- Alumnus, Computer Science
My main reason for entering the CUNY Computer Science Ph.D. program was because I love learning. After receiving my Master’s in Computer Science I worked as a Software Engineer for Prudential Securities. Prudential Securities was an excellent company to work for but I got to the point where I wanted to learn more and truly challenge myself. It was then that I decided to apply for the Ph.D. program.
I worked with Dr. William Sakas in the area of Computational Linguistics for my dissertation research. Dr. Sakas is one of the principal investigators for the CUNY Computational Language Acquisition Group (CoLAG) along with Dr. Janet Fodor. My research focused on developing computational models of syntax acquisition. I learned how to do research from working with Dr. Sakas. Many students, such as myself, know how to do well in courses but do not necessarily know how to approach research. Working as a member of the CoLAG under Dr. Sakas gave me the opportunity to see how research gets done and how to go about successfully publishing that research.

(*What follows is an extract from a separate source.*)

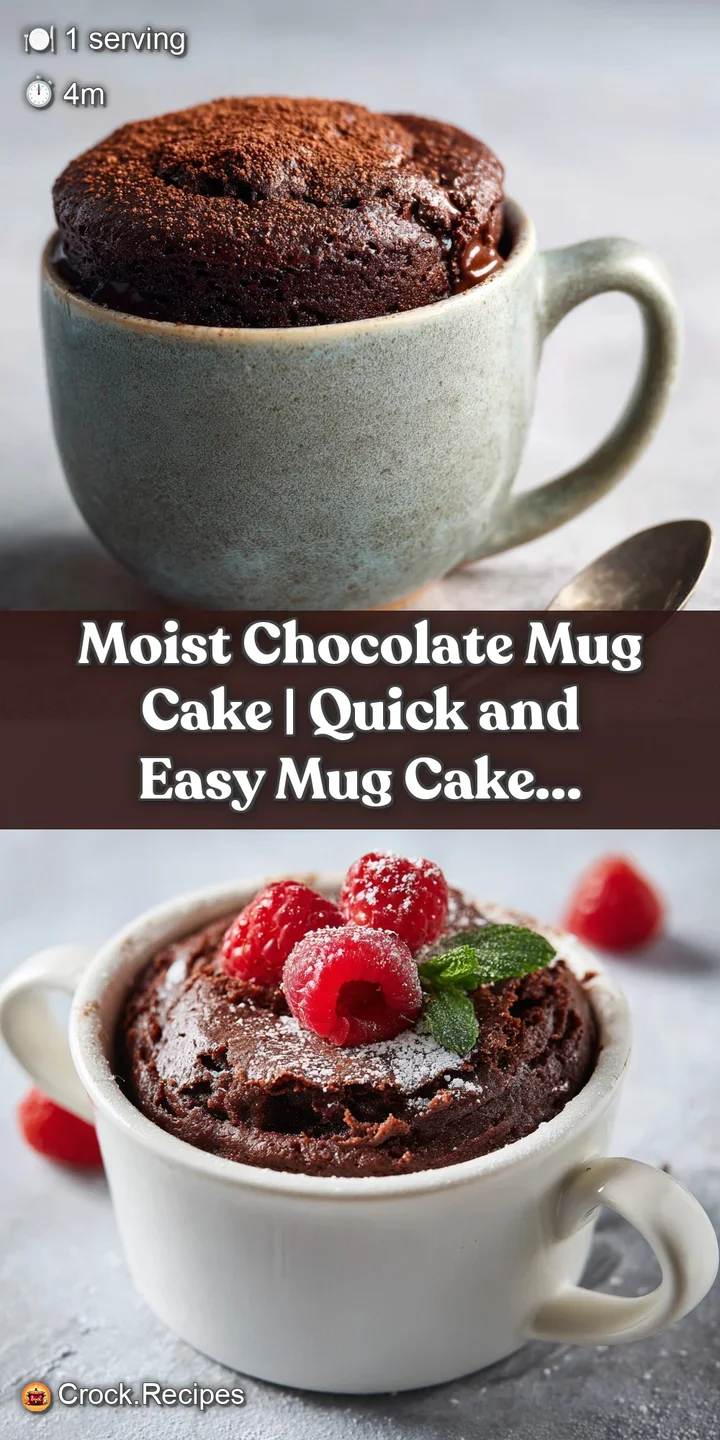 A close-up of a gooey chocolate mug cake, showing its moist, dark crumb and slightly molten center.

One of my fondest memories of the program was during my first year. I was a member of a group that met weekly from September to June in preparation for the first-year comprehensive exam. We each studied different topics in depth and taught what we learned to the rest of the group. It was truly a collaborative learning experience. All the group members were supportive and gave their best effort to help their fellow classmates. We had a lot of fun and we learned a lot. It was a wonderful experience.
I am currently an Associate Professor in the Computer Systems Department at Farmingdale State College of the State University of New York (SUNY). I have worked at Farmingdale since graduation from CUNY in 2008. I was granted tenure and a promotion in 2014. I enjoy teaching very much and I have taught eleven different classes since I started at Farmingdale. My primary area of research, at the moment, is Computer Science Education. One solo project was the creation of a simulated operating system (Simple OS) that students can use to learn operating system internals. It allows users to run simple programs and visually see the state of the simulated memory, registers, and process queues. This research was published in an ACM journal. I have worked on collaborative research projects related to Computer Science Education with other professors from around the SUNY system. The current project is supported by a SUNY Innovative Instructional Technology Grant. I have also served as an external reviewer for the SUNY Oneonta Computer Science Program.
I will always be grateful to the CUNY Computer Science Ph.D. program for giving me the learning experience that I wanted and preparing me well for my career.